Contrary to the beliefs set by his Seventh-day Adventist Church, Republican presidential hopeful Dr. Ben Carson has no problem with women being ordained as pastors.
"I don't see any reason why women can't be ordained," he said, adding that it was a "huge mistake" for Adventist leaders to vote against female ordination.
According to Christian News, Carson was talking about the 60th General Conference Session held in San Antonio last January, where Adventists voted 1,381 to 977 to dismiss the question, "Is it acceptable for division executive committees, as they may deem it appropriate in their territories, to make provision for the ordination of women to the gospel ministry?"
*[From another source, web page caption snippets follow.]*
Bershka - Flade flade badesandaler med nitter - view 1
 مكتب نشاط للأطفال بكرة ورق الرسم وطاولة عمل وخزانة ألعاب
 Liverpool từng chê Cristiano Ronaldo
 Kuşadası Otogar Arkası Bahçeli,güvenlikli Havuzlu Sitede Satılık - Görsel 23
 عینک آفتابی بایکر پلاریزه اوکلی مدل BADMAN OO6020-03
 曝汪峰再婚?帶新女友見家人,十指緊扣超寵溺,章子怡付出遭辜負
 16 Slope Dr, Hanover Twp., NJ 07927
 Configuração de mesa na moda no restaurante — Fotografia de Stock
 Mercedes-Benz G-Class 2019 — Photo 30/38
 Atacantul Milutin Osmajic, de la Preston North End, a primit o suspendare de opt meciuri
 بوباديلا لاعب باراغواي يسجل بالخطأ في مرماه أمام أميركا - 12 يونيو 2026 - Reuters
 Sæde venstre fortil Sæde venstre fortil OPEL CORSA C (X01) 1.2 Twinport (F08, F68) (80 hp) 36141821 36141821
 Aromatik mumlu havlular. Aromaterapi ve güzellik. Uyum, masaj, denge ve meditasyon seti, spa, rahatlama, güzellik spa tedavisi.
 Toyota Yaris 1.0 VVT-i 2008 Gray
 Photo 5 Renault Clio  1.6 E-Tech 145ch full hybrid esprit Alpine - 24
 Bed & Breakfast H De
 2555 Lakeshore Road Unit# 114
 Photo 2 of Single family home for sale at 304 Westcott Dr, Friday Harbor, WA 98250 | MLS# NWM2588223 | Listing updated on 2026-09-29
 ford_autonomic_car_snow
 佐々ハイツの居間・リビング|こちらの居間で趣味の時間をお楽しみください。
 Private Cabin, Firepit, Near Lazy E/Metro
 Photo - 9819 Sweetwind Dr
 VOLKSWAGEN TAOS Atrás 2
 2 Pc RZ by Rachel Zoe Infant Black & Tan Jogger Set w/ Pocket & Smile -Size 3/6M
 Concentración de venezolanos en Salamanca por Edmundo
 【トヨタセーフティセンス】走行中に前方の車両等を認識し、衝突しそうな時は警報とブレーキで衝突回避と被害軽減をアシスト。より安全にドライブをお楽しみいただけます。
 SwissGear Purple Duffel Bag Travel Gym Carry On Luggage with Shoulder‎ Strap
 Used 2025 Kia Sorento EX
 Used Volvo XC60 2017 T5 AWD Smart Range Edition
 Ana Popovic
Recently, Republican rival Donald Trump seemed to denigrate the Seventh-day Adventist Church. "I love Iowa. And, look, I don't have to say it, I'm Presbyterian," Trump said. "Can you believe it? Nobody believes I'm Presbyterian. I'm Presbyterian. I'm Presbyterian. I'm Presbyterian. Boy, that's down the middle of the road folks, in all fairness. I mean, Seventh-day Adventist, I don't know about. I just don't know about."
In his defence, Carson said he explored different churches while he was studying at Yale University because he went through a period of frustration with his church. He attended Roman Catholic, Methodist, Baptist, and Lutheran services for a brief period of time, but in the end, he went back to Seventh-day Adventist Church.
"I concluded it was the right church, just the wrong people. The church was very segregated," Carson said. "You know, if you have the love of God in your heart, it seems like you wouldn't do that. That has changed fairly significantly since that time."
Aside from ordaining women, there are other things that Carson disagrees with the Seventh-day Adventist Church. Founder Ellen G. White has rejected Roman Catholicism, but Carson does not agree with her.
"I love Catholics," Carson proudly said. "My best friend is Catholic. I have several honorary degrees from Catholic universities."